O princípio da unidade entre a Guiné e Cabo Verde é considerada por Amílcar Cabral como um valioso contributo do PAIGC para a prática realização da unidade africana. Relembre-se que, aquando da formulação desse princípio essencial e impreterível da identidade política do PAIGC, o princípio da unidade africana fazia furor entre os nacionalistas africanos das diferentes colónias, tendo-se constituído várias organizações políticas supra-nacionais, como por exemplo, a RDA (Rassemblement Démocratique Africain) e o PDA (Parti Démocratique Africain), actuantes nas colónias da chamada África Ocidental Francesa e África Equatorial Francesa) e várias uniões económicas aduaneiras entre as antigas colónias francesas e precursoras da futura Françafrique do famigerado e neo-colonial Franco CFA, e algumas uniões políticas de natureza confederativa, federativa ou assimiláveis a uma união real, como, por exemplo, a Federação do Mali entre o Senegal e o antigo Sudão francês, a União entre o Gana e a República da Guiné, a Senegâmbia entre o Senegal e a Gâmbia, todas de duração efémera, e a Tanzânia, entre a Tanganica e o Zanzibar, a qual  perdura até aos dias de hoje.

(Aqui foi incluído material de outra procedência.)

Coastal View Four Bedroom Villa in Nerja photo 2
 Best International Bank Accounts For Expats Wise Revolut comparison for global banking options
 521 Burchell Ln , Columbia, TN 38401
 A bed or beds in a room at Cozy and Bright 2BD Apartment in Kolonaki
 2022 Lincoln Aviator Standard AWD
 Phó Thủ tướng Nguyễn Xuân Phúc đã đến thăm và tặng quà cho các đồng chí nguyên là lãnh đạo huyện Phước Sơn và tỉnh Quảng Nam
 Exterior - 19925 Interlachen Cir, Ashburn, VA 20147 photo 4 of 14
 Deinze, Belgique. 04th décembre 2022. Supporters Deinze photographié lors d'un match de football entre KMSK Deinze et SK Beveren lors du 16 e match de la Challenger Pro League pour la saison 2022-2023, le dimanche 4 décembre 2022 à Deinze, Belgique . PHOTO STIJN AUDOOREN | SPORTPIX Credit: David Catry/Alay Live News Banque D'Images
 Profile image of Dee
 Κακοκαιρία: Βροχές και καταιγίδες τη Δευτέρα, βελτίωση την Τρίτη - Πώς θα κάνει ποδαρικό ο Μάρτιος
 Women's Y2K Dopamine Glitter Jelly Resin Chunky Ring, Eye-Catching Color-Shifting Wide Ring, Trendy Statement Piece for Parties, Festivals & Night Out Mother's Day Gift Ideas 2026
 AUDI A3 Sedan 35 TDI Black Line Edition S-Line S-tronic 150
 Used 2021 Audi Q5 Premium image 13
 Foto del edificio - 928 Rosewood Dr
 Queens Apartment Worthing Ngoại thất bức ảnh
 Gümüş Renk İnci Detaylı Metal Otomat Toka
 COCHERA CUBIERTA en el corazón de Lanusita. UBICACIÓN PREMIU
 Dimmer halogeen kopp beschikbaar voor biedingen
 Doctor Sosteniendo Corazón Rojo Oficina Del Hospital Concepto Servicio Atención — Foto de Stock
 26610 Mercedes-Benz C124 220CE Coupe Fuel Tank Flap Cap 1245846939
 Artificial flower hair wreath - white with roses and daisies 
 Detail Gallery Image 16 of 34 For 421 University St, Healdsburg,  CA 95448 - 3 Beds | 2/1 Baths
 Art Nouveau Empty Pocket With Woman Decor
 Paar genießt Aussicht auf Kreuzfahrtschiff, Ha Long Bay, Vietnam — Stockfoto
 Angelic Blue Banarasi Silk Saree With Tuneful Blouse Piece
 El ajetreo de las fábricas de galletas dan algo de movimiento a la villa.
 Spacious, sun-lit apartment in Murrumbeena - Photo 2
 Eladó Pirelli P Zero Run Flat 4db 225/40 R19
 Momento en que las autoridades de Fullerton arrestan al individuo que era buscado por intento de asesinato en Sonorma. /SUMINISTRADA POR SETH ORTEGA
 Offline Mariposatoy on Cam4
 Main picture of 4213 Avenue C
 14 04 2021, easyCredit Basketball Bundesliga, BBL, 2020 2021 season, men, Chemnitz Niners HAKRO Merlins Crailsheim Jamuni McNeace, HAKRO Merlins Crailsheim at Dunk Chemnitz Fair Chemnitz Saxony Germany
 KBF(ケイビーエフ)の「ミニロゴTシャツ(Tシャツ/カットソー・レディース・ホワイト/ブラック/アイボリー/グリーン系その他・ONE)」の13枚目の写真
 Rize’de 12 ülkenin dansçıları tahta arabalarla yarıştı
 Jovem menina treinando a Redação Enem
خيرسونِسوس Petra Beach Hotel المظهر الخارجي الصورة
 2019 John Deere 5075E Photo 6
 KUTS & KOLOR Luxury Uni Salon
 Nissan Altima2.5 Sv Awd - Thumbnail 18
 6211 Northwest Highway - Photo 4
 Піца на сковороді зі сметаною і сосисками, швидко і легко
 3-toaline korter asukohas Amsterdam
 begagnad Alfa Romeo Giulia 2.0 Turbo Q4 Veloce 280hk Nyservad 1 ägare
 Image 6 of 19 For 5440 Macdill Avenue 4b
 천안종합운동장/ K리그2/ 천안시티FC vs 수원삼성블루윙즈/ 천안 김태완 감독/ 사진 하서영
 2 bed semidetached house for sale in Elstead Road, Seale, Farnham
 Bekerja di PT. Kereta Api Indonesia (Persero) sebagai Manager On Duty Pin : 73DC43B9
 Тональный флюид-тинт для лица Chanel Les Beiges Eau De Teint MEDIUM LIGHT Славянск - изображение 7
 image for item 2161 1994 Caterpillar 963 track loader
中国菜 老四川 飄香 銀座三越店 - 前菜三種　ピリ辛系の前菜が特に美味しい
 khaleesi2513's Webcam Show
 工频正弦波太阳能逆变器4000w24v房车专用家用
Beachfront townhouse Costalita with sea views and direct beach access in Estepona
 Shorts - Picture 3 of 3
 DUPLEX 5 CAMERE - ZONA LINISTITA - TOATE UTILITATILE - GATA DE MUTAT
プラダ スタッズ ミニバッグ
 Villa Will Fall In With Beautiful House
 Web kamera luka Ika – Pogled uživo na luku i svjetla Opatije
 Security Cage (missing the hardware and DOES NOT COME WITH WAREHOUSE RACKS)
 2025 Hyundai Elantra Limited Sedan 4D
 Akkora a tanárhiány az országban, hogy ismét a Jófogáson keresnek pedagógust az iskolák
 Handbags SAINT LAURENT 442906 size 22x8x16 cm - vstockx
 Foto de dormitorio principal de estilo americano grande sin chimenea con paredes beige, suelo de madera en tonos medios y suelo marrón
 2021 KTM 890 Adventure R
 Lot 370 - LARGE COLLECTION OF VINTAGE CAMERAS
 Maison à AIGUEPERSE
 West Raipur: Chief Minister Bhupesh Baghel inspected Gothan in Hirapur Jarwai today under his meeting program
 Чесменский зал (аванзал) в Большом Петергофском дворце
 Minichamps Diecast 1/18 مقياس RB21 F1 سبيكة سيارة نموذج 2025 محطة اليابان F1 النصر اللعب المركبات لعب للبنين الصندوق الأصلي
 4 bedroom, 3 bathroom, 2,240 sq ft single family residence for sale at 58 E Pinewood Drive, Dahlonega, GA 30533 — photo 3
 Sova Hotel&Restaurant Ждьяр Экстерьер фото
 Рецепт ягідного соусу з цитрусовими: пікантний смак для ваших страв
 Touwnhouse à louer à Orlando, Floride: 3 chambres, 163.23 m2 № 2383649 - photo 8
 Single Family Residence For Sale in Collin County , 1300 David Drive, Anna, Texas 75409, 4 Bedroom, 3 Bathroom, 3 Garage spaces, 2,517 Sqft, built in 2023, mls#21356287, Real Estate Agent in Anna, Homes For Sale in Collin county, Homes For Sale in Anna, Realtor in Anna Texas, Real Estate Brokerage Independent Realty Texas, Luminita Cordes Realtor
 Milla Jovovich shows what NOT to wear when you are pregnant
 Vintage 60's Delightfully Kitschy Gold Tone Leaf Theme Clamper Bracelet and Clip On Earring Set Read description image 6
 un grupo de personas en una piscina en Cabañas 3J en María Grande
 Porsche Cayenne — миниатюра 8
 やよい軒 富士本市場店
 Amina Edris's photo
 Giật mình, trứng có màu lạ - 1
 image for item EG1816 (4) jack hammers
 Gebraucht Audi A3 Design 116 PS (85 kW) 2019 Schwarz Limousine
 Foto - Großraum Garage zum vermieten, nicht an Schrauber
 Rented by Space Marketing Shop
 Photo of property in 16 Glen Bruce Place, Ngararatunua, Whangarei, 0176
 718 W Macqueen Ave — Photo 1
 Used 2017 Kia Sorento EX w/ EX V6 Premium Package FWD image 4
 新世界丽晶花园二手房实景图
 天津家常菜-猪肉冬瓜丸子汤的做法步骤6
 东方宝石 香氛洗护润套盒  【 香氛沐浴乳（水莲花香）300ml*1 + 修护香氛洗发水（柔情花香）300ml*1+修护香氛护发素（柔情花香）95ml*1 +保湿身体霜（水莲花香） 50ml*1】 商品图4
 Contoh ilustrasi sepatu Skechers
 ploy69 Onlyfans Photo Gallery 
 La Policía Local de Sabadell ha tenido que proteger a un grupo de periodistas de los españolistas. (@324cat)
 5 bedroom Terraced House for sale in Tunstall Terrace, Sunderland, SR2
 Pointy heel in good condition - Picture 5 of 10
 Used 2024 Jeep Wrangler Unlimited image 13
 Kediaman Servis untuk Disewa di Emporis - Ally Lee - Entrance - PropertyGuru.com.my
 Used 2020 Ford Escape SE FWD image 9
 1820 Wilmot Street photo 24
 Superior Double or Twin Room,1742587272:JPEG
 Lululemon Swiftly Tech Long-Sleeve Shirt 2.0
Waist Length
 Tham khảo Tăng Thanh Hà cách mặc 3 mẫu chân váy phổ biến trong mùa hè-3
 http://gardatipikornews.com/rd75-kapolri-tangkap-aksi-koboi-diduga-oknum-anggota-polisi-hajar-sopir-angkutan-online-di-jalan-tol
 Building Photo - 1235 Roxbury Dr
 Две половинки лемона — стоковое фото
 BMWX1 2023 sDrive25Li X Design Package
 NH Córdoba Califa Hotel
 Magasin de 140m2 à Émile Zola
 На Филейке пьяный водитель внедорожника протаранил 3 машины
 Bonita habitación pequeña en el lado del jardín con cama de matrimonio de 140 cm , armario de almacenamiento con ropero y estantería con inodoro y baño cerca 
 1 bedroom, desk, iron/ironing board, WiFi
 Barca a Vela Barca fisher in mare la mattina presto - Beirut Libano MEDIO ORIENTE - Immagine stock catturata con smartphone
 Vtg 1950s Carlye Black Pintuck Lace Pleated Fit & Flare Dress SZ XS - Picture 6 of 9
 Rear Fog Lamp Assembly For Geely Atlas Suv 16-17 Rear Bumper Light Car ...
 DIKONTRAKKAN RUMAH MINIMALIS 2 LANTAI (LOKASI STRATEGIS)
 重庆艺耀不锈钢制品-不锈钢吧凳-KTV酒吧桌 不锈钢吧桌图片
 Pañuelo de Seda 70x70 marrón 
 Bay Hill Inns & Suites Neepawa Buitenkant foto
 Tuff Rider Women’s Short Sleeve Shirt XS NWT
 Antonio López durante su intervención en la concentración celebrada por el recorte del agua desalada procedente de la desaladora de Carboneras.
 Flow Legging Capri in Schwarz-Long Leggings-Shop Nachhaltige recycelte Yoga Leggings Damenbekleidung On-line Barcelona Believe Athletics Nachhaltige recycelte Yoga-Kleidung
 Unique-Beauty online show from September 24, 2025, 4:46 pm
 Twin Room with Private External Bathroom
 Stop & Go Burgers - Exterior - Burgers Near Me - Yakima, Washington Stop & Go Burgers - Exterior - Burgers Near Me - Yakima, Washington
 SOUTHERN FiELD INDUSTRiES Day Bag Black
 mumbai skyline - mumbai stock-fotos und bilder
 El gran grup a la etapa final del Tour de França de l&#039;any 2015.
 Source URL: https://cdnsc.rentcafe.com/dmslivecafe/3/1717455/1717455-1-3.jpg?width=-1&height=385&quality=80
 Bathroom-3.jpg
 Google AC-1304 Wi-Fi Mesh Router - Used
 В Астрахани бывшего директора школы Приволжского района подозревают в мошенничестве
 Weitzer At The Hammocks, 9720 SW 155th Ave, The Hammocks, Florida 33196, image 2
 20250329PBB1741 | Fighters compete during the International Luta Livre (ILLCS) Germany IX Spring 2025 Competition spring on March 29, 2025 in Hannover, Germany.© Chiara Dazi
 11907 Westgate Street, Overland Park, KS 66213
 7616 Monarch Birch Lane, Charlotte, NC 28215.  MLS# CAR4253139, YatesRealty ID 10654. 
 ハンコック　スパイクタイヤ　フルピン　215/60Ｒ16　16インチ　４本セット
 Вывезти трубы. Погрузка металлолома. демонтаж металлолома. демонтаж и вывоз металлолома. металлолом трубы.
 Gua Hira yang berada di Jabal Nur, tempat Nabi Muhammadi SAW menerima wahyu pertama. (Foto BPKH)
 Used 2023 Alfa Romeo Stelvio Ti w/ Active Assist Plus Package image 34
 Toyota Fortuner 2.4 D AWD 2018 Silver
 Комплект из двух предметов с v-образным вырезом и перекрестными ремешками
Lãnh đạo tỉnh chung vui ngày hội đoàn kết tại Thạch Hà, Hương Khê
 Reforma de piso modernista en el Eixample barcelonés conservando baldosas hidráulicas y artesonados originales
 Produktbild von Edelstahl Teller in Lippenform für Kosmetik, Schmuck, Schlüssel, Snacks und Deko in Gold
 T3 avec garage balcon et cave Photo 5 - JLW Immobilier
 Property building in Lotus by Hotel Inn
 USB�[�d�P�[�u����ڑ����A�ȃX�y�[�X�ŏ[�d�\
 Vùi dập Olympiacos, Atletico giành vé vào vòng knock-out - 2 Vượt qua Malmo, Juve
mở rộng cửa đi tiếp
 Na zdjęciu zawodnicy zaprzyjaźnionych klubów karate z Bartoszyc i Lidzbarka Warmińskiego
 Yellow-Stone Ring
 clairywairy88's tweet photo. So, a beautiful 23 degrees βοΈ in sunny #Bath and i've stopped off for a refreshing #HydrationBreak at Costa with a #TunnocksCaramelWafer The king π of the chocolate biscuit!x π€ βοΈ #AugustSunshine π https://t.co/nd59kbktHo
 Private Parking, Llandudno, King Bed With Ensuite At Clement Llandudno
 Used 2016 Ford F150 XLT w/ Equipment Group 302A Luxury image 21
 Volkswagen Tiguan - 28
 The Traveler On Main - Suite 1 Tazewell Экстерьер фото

Casos particulares constituíram os países que, tendo sido colónias de potências europeias perdedoras da Primeira Guerra Mundial, como a Alemanha, ou da Segunda Guerra Mundial, como a Itália, viram algumas das suas antigas colónias africanas serem divididas e cedidas pela Sociedade das Nações e, depois, pela ONU a países vencedores das duas Guerras Mundiais acima referidas, como a Grã-Bretanha e a França, em regime de tutela. São os casos dos Camarões (re)unificando depois das respectivas independências e, por vezes, precedidas de referendos, a antiga colónia francesa dos Camarões e a antiga colónia britânica dos Camarões, e da Somália que (re)unificou a antiga Somália italiana e a antiga Somália britânica, tendo-se actualmente, e em tempos sequentes à queda do ditador nacionalista revolucionário Siad Barre, retrocedido às antigas fronteiras coloniais.